Enfim esses são os pontos nodais do problema, e o presidente da Ajufe poderia até discordar das conclusões implicadas apresentando outros argumentos, mas não simplesmente salmodiar sobre a defesa da sociedade na investigação de crimes, em perigosa generalização.

Os estandartes da moral e do combate à criminalidade não podem ser usados para legitimar as ações mais atentatórias contra as garantias e direitos fundamentais. Isto é coisa própria dos Estados totalitários, que, sempre, baixo os pretextos aparentemente mais elevados, ensaiam sufocar as liberdades e se imiscuir até nos últimos recessos da individualidade. Basta recordar que o artigo nº 19 do programa de ação do partido nazista, em 1920, era a “eliminação do direito romano que serve a uma ordenação materialista do mundo”, ou seja, até os nazistas eram capazes de invocar belas razões.

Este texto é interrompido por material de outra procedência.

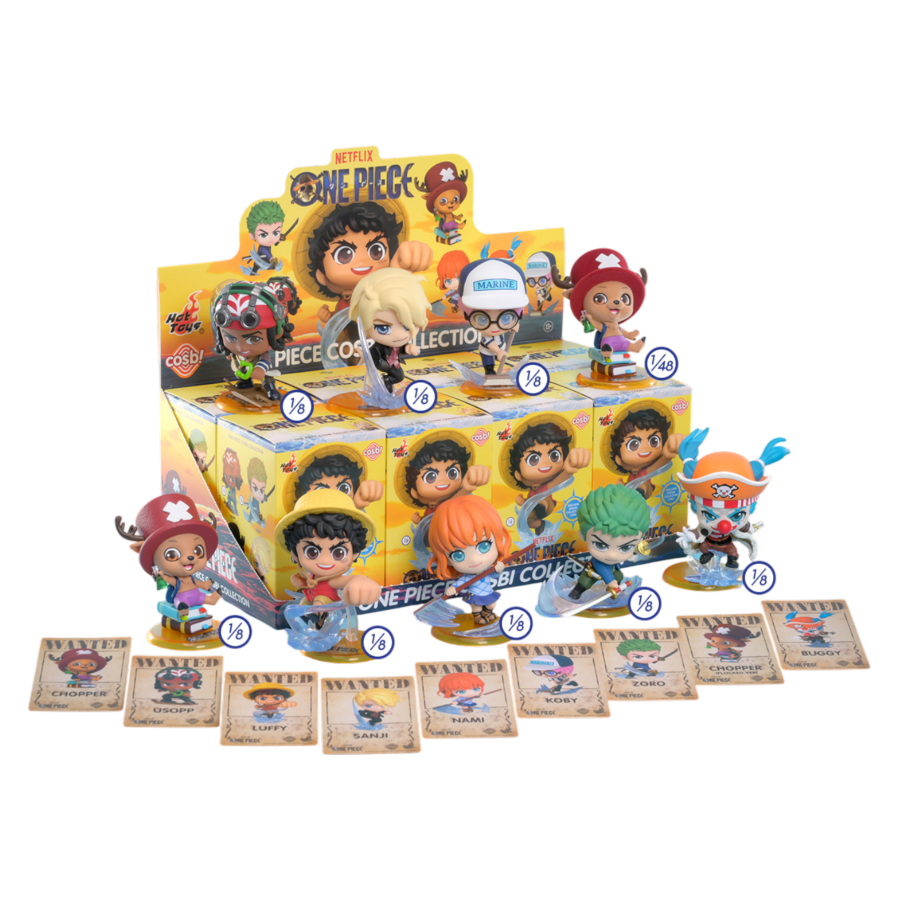 One Piece (Netflix) - Cosbi Bobble-Head Assortment (Display of 8)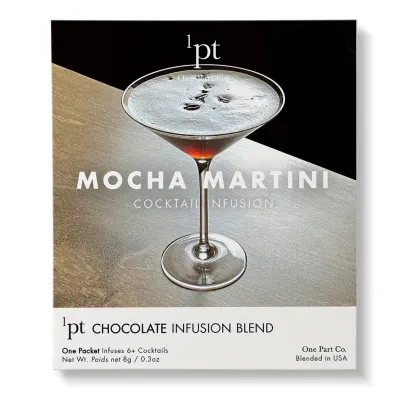 Mocha Martini Cocktail Infusion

Endossar a invasão de escritórios é avalizar a sangria da democracia e desconhecer por completo a natureza da advocacia no Estado de Direito.

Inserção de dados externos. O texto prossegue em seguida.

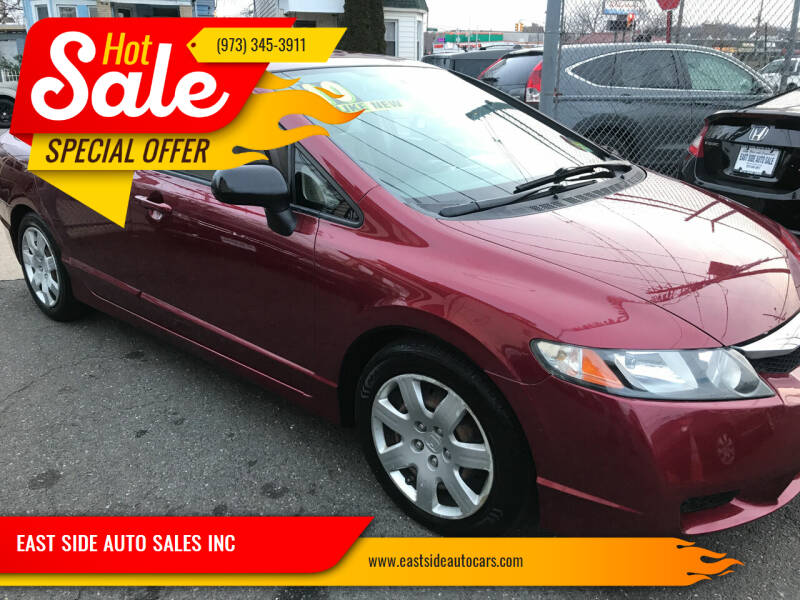 2010 Honda Civic for sale at EAST SIDE AUTO SALES INC in Paterson NJ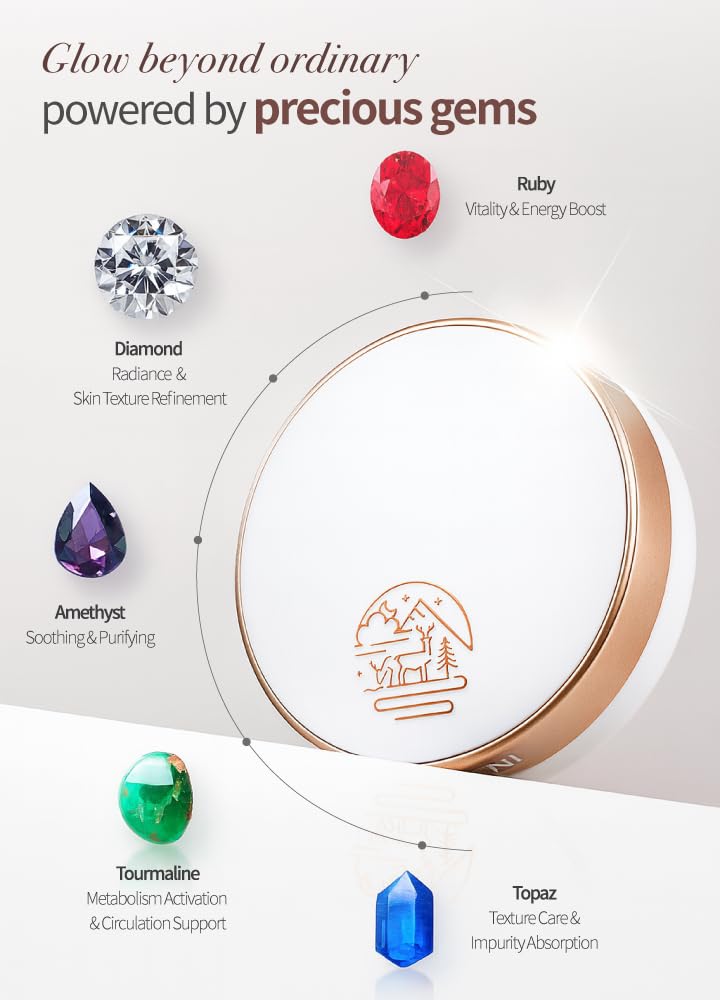 Beaudiani Mesh Glow Cushion Foundation (01-REFIL Natural Cover Daily (#21), Refill Only) - Image 3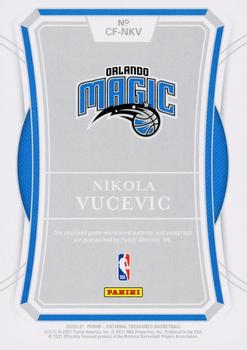 2021-22 Panini National Treasures - 2020-21 Panini National Treasures Basketball - Clutch Factor Signatures #CF-NKV Nikola Vucevic Back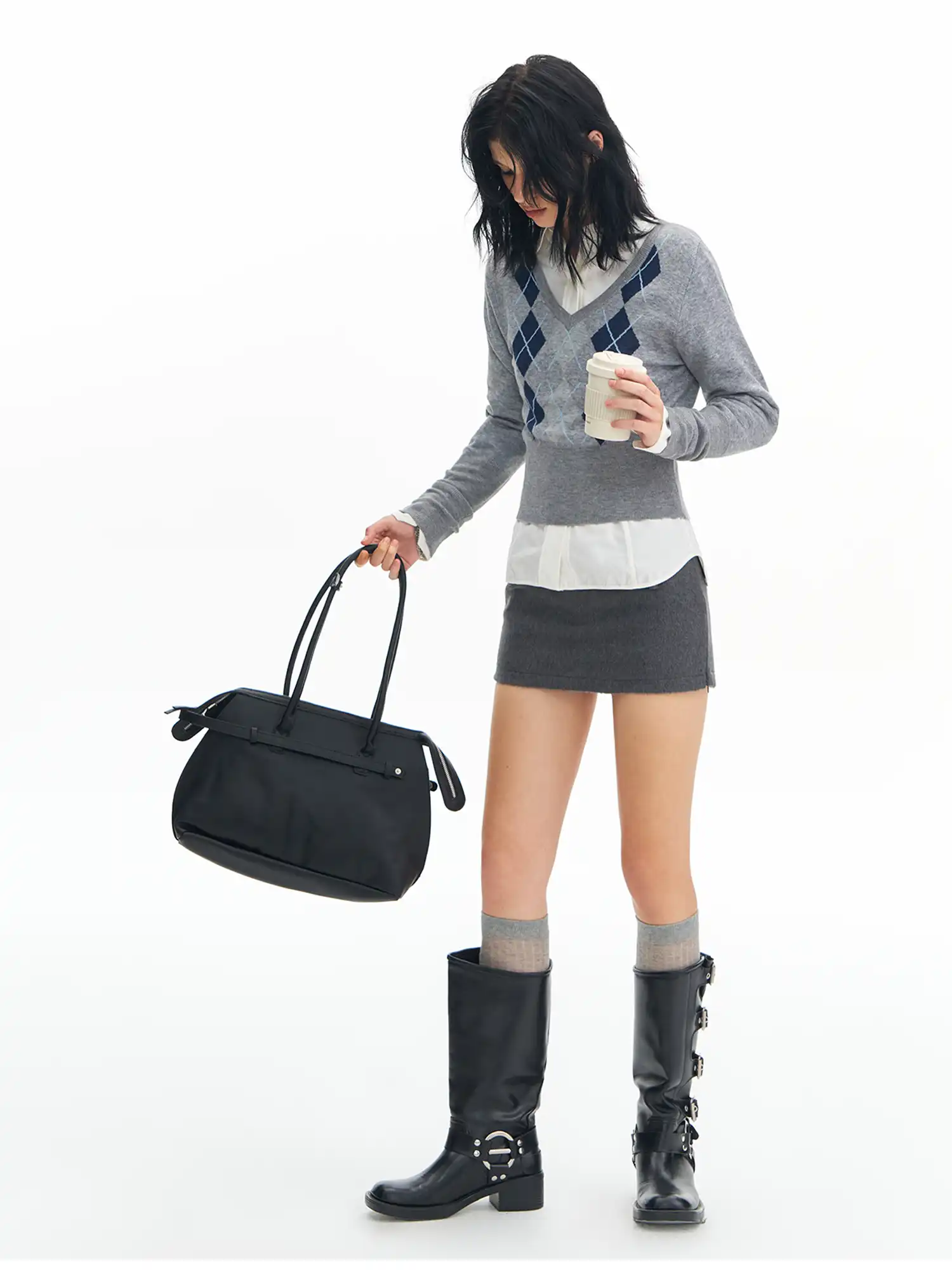 Deleteex A-Line Pencil Skort | Canton Collective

Por fim, tomo de ninguém menos que o Regimento do Santo Ofício na Inquisição (!!!) uma lição de respeito ao direito de sigilo no exercício da defesa, que, pasme-se, pelos últimos fatos, ainda parece ter o que ensinar aos magistrados brasileiros:

“Quando o Procurador eleito pelo réu quiser estar com ele para o instruir e informar sobre a defesa da sua causa, será prontamente conduzido por qualquer Oficial do Santo Ofício ao lugar onde o réu se acha e aí os deixará a ambos em liberdade o mesmo oficial, pondo-se em distância tal que não possa ouvi-los; e, acabada a prática, acompanhará o dito Procurador até a porta por onde entrou; e o mesmo se observará em todas as mais ocasiões que os Procuradores quiserem ter práticas com os réus sobre os pontos e artigos de sua defesa” (título 6º, nº 3, do Regimento de 1774). Uma lição de direito dada pela Inquisição perfeitamente válida em nossos dias! B. – Raul Rêgo, O último regimento da inquisição portuguesa. Ed. Excelsior. Lisboa, 1971.